DUE: Dietro le sbarre:
Materassi putridi, sbarre alle porte e alle finestre e, per punizione, settimane senza acqua per lavarsi. Sono alcuni dei dettagli della vita degli orrori in cattività. Niente documenti, nessun diritto e persino politici e forze dell’ordine guardano dall’altra parte o addirittura perpetuano la violenza. Per mostrare tutto questo ancora una volta non c’è il filtro del pietismo o del buonismo, ma uno sguardo lucido e incisivo.


TRE: I dilemmi morali:

Alcuni di questi contadini in fuga dalla provincia sperduta del Brasile non solo non sanno leggere ma non hanno mai dormito in un vero letto in tutta la vita. Spinti dalla disperazione, si sono venduti loro malgrado ad un gruppo di criminali organizzati che sfruttano l’assenza di alternative per rinchiuderli. Ad un certo punto però la vittima può diventare carnefice, quando ne ha la possibilità e ci si chiede se, al posto suo, non faremmo lo stesso.
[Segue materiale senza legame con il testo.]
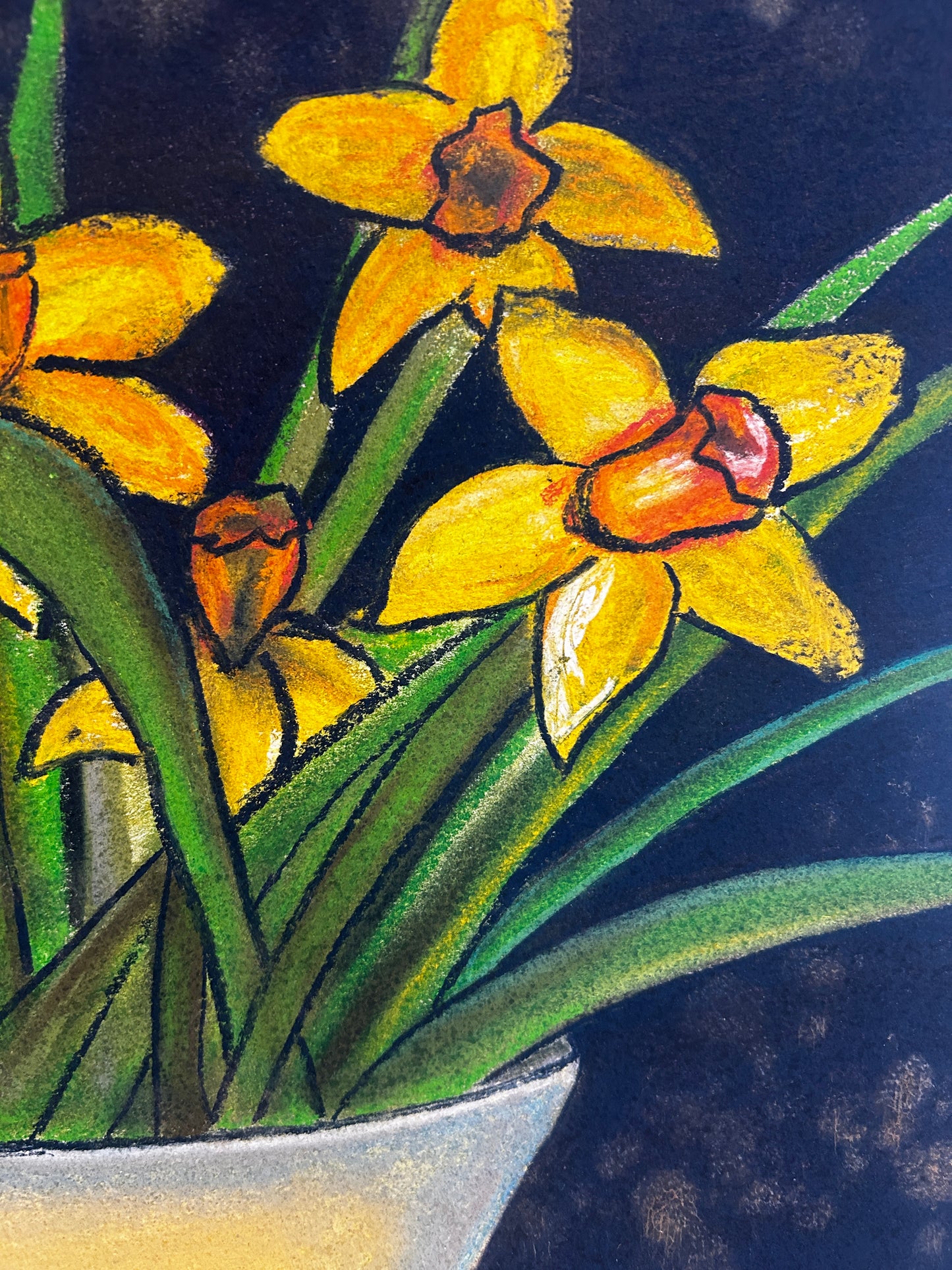 Mid Century Jug of Daffodils Signed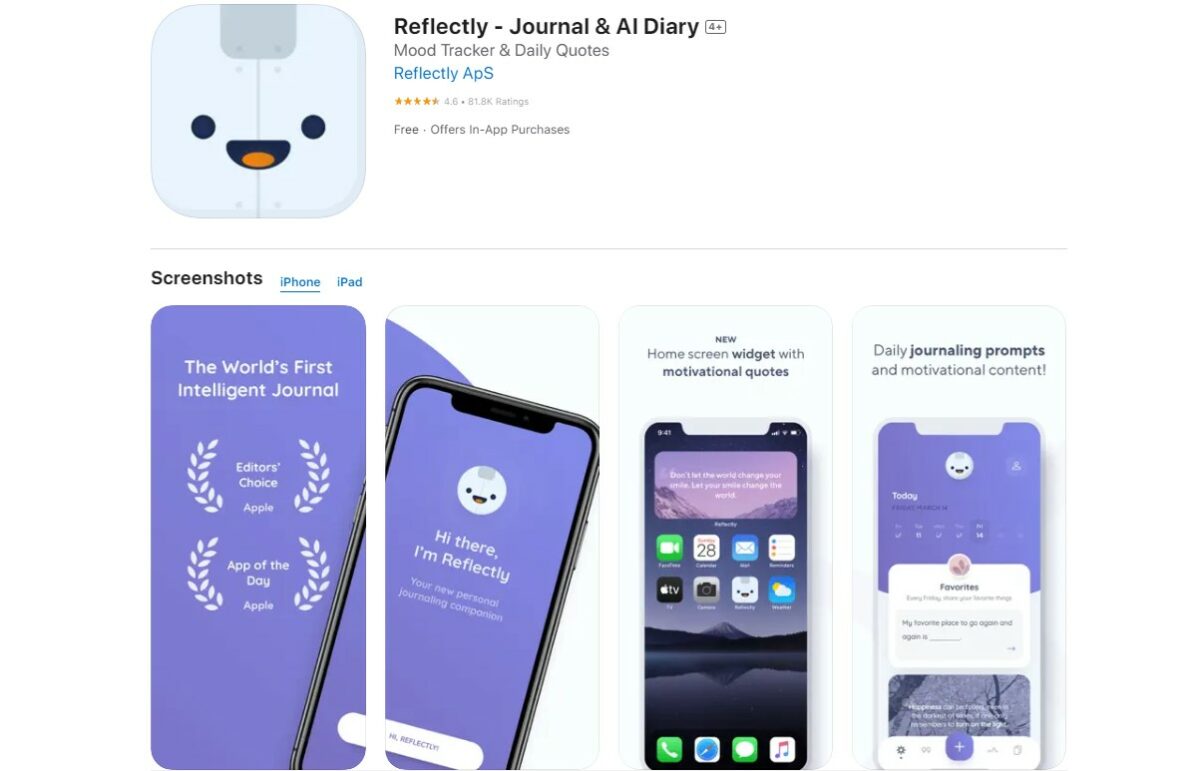 Reflectly Best Apps for Mental Health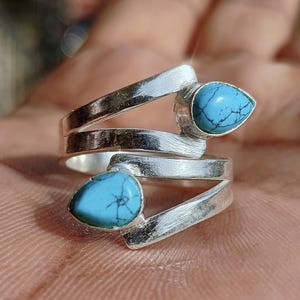Handmade-925 Sterling-Silver Turquoise-Wrap Ring | Adjustable-Boho Gemstone-Ring | Minimalist Blue-Stone Statement-Ring | Gift for Her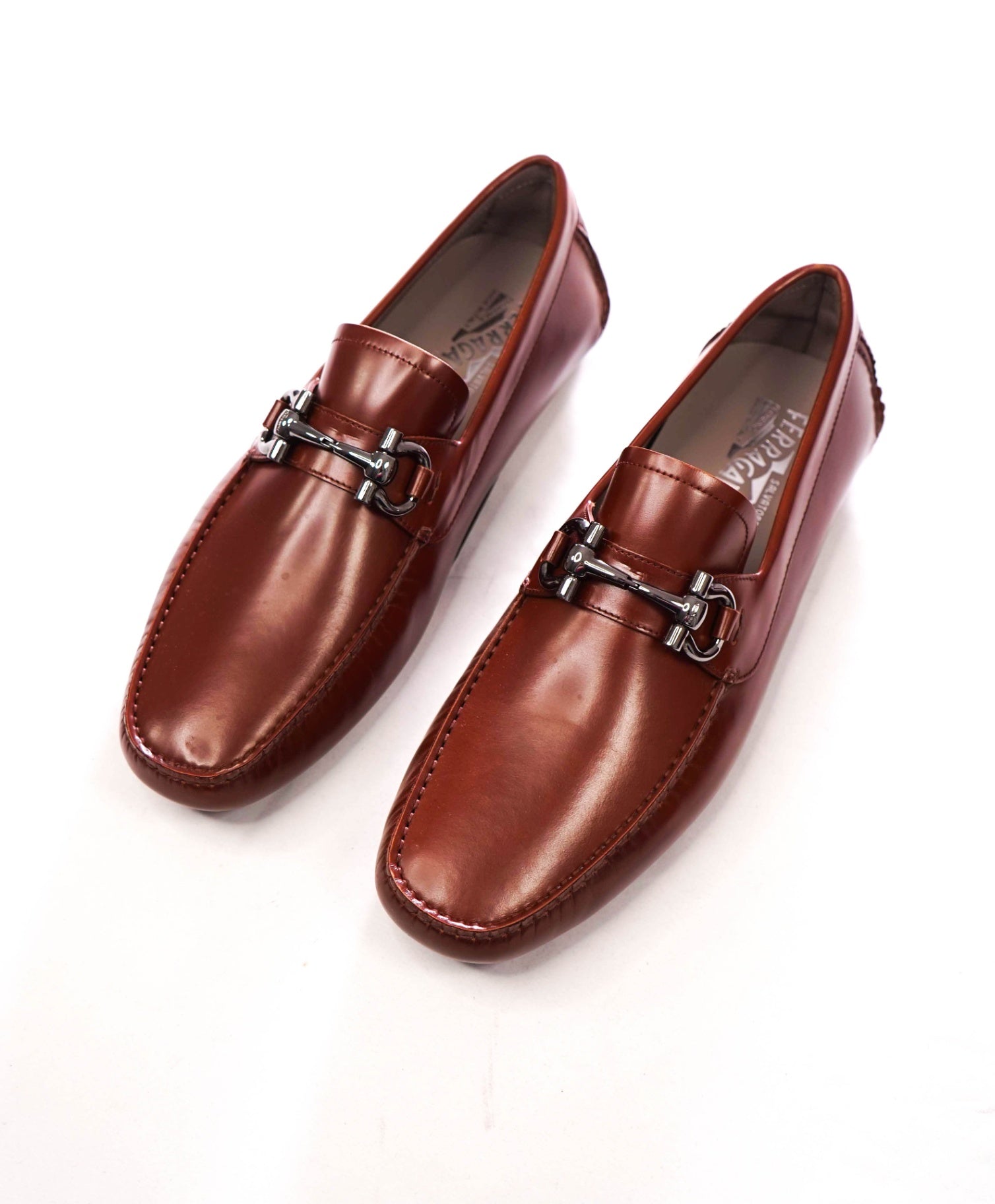 $800 FERRAGAMO - "PARIGI NEW" Cherry Brown Leather Loafers - 10.5 EE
UN’AVVERTENZA PER L’USO PRIMA DELLA VISIONE:

Chi non crede che il cinema possa essere specchio della realtà ma debba svolgere un puro ruolo d’intrattenimento è pregato cordialmente di passare oltre. 40 milioni di persone nel mondo sono ancora schiave, ma guardarle negli occhi e dare loro un nome non è compito per tutti.